Picture of Kirsten PatrickThis week I’ve seen lots of white allies publicly declaring their solidarity with people of colour on social media. I was nominated on Twitter to do this. I could spend 10 seconds cutting and pasting a tweet, add “hashtag Istandwith[…]” and then nominate some other white folks. It would not put me out much. But if I want to show my solidarity with Black people in the U.S. and elsewhere, and my opposition to structural racism, it’s important that my actions don’t begin and end there. Anti-racism is not a feeling or a political leaning; it’s not a brand or a tweet or an Instagram post. For white people to be true allies I believe we need to hashtag less, listen more to what BIPOC are saying about their experience, do more and talk about it less, and be willing to just sit with a whole lot more discomfort. White people tend to want to feel good about ourselves while we say we’re anti-racist. What we need to get better at is feeling uncomfortable.

I was born and raised in apartheid South Africa in the 70s and 80s, so racism is ingrained in me and it would be pointless to deny it. My frontal lobe developed in that racist medium and white privilege has been my lifelong experience. Which means that for me to be anti-racist requires daily awareness and commitment to challenging automatic reactions and thoughts.

I was 19 the first time I voted – in a referendum that asked those eligible to vote (white adults) whether apartheid should end or not, yes or no. I’d been to a segregated school with all white kids but at university I learned alongside people of all races and had new Black, Indian and Coloured friends (that’s how apartheid categorized racial groups). My Black friends’ futures depended on the will of a minority white electorate and I was all ready to be a white saviour. I voted yes in the referendum and the Yes campaign won, which made me feel virtuous. One of my Indian friends challenged me: “You expect us to see you as our hero?” she said, “It’s going to take more than voting in a referendum…” People of colour were not so naive as to think things would change overnight. At 21 I waited in line for hours to vote (euphorically) in South Africa’s first proper democratic national election that brought Mandela to the Presidency. But quickly I learned the work was not ‘done’. As a medical student and junior doctor working in Johannesburg’s public hospitals I could see this very clearly. You cannot end centuries of racist society simply by giving everyone a vote. In the late ’90s, as I watched the developments of South Africa’s Truth and Reconciliation Commission, I began to understand the importance of oppressors listening to the experiences and pain of people long oppressed and feeling discomfort. It’s too easy to think, “I didn’t do the oppressing,” and want to just move on, until you hear and read the stories and understand that your white experience made the oppressed person’s experience possible.

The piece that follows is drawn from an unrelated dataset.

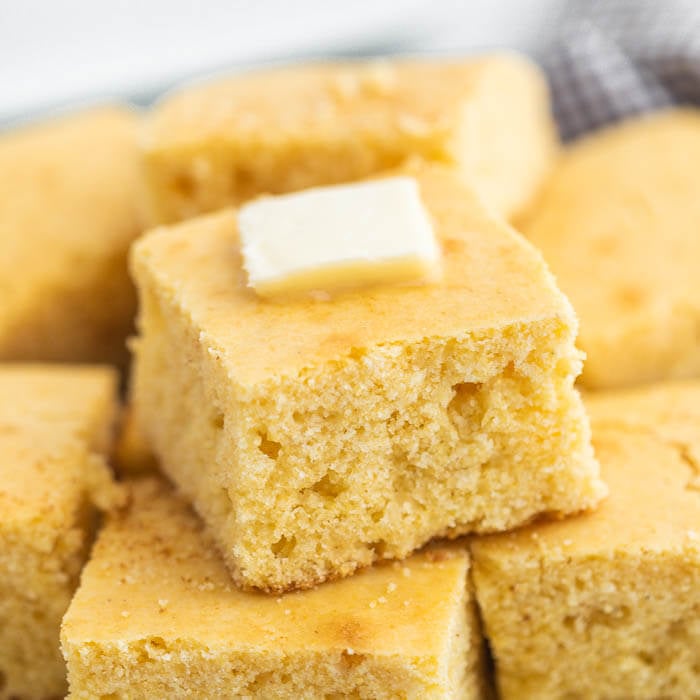 Cut Cornbread stacked on a plate with melted butter on top.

Since the early 2000s I’ve lived in other countries that don’t have explicit ‘named’ government policies of racial segregation and subjugation but do have structural racism and prevalent ‘us vs. them’ thinking. It’s almost harder to tackle when racism is not overt government policy because people often just deny that racism exists, say “I’m not a racist,” and look away while they continue to benefit from a system that oppresses others.

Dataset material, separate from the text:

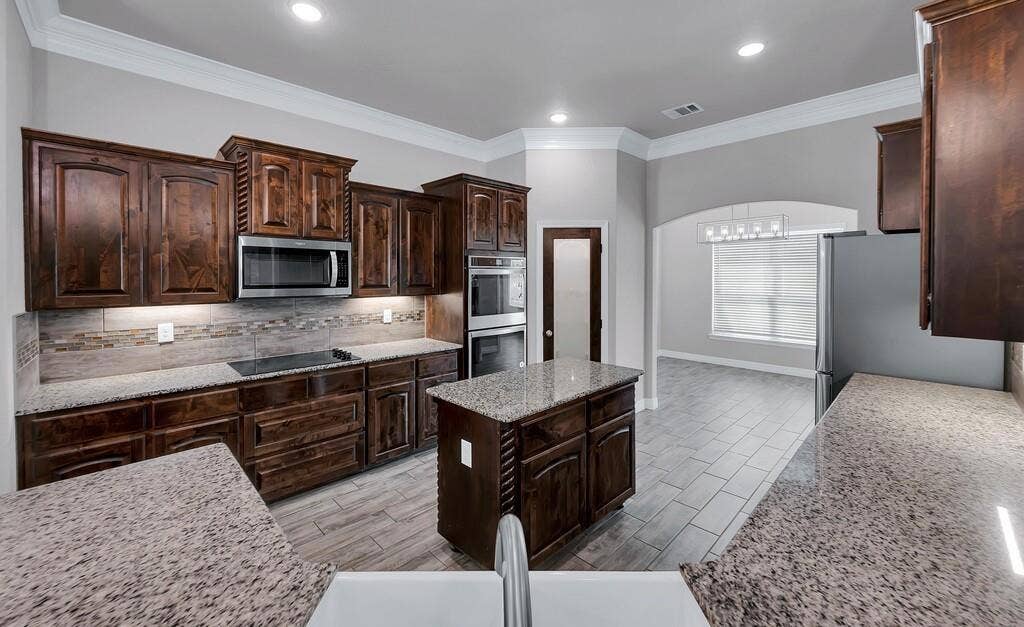 279 Sportsman Drive, Lorena, TX 76655 Kitchen featuring wood cabinetry, light-colored granite countertops, stainless steel appliances, a tile backsplash, and a central island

Racism is a social construct that I and many other people who think of ourselves as ‘good’ people help to perpetuate every day by accepting the status quo and by not doing enough to break it down.

Of course my white guilt is not going to help fix our racist society, but I can do something more than virtue-signalling my white allyship on social media.

I can listen to what people of colour are saying about their experiences, learn something and feel uncomfortable, I can not hide from the discomfort. If others have lived under oppression for their whole lives, I can damn well sit with discomfort and guilt and become willing to act, to deliberately challenge the status quo the way I would if it were my own kids’ health and wellbeing that was being undermined by it.

I need to ask myself every day what actions I am taking to bring change to a system that privileges white people over others. Am I asking why the company I work for doesn’t have an explicit anti-racism and reconciliation strategy? Am I pointing out the lack of diversity in my workplace and asking what we are going to DO about it? Am I making doing something about it my responsibility?

In my role as a medical editor, am I actively working to ensure that the CMAJ includes, promotes and publishes the voices of people of colour and Indigenous people? Am I willing to do this even when we receive letters from Canadian physician readers saying that the CMAJ has become ‘too political’?

Am I prepared to listen respectfully to feedback from people of colour especially when they challenge me on what I am doing, tell me I’ve got it wrong or say I am not doing enough? Am I willing to lean in to the discomfort that criticism brings, confront my bias anew and change the way I think?

Am I taking every opportunity I get to point out white privilege to my white children and teaching them how they might dismantle it?

I can say with confidence that I have not done enough, that there is more work to be done and I need to do it.

Someone once pointed out to me that there is a difference between looking good and living, and that we spend far too much time engaging in the former rather than the latter – to our own and society’s detriment. If you’re white and you really are committed to ending structural racism,  then I must tell you that ‘retweet’ or ‘share’ is not the action that will do it; find out what will actually make a difference and start living it.